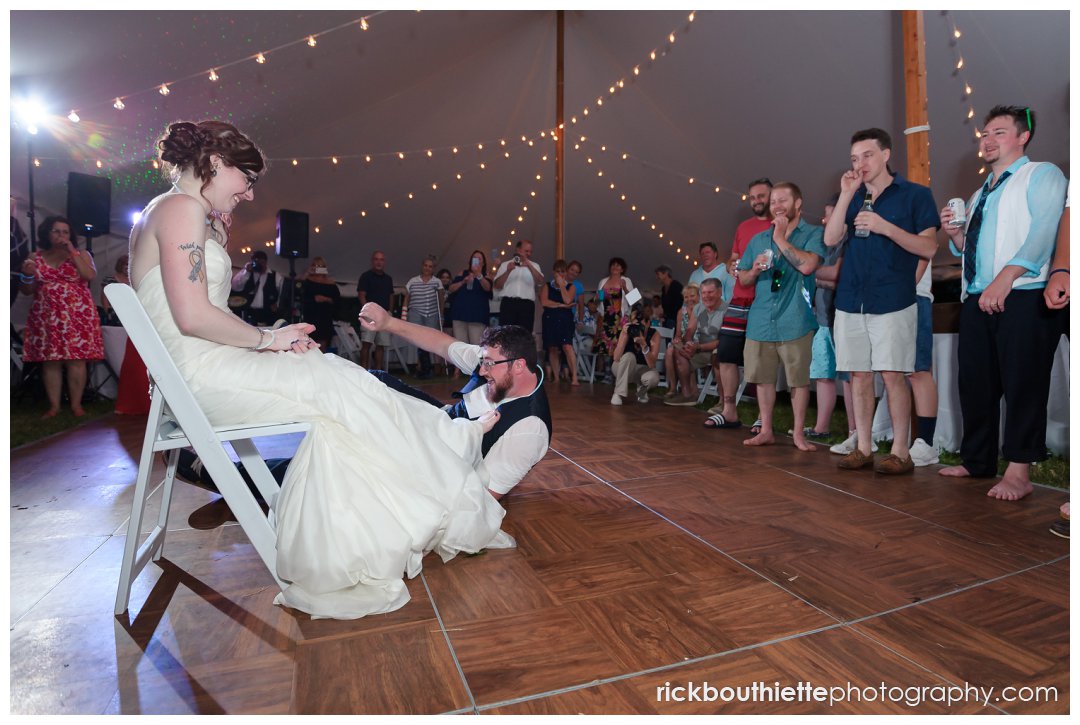 groom getting garter off brides leg at New Hampshire backyard summer wedding reception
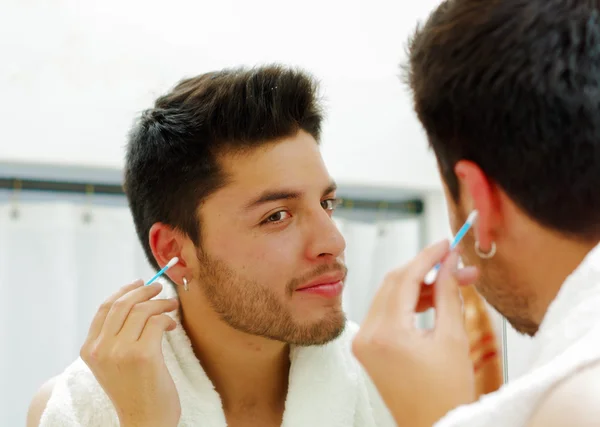 Beau jeune homme portant un haut singulet noir regardant dans un miroir, en utilisant q-tip pendant le concept de routine du matin — Photo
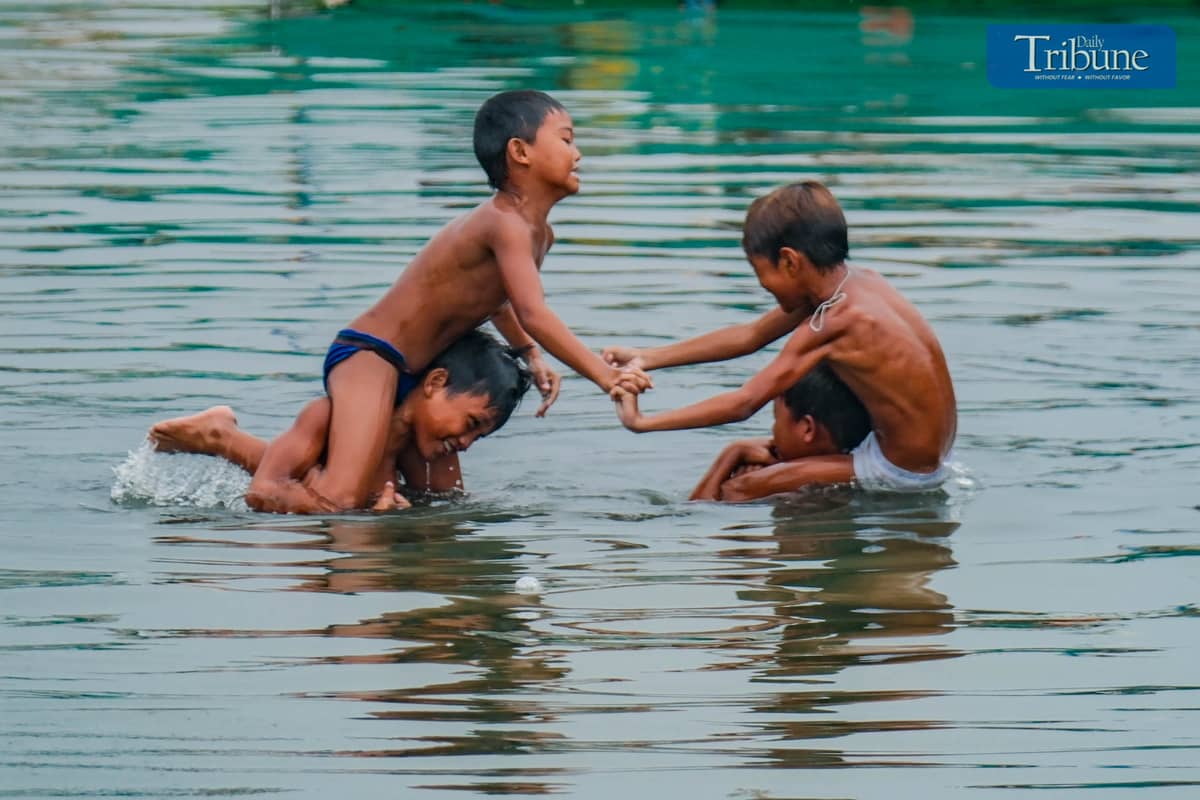 Boys cool off with a splash as they play in the waters of Navotas on Satuday, 7 June.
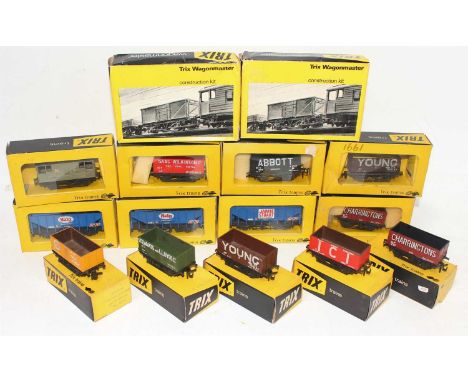 Fifteen Trix wagons in yellow/black boxes: Blue Circle, Spiers, ICI, 2 x Youngs, Stewart &amp; Lloyds, Charringtons, Abbott,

- ACTIVITY -
Emit the lines of the data above from the one containing "Boys cool off" through its final line, both endpoints included. Pictures do not belong in the output.

- RESPONSE FOR THIS EXERCISE -
 Boys cool off with a splash as they play in the waters of Navotas on Satuday, 7 June.
 Fifteen Trix wagons in yellow/black boxes: Blue Circle, Spiers, ICI, 2 x Youngs, Stewart &amp; Lloyds, Charringtons, Abbott,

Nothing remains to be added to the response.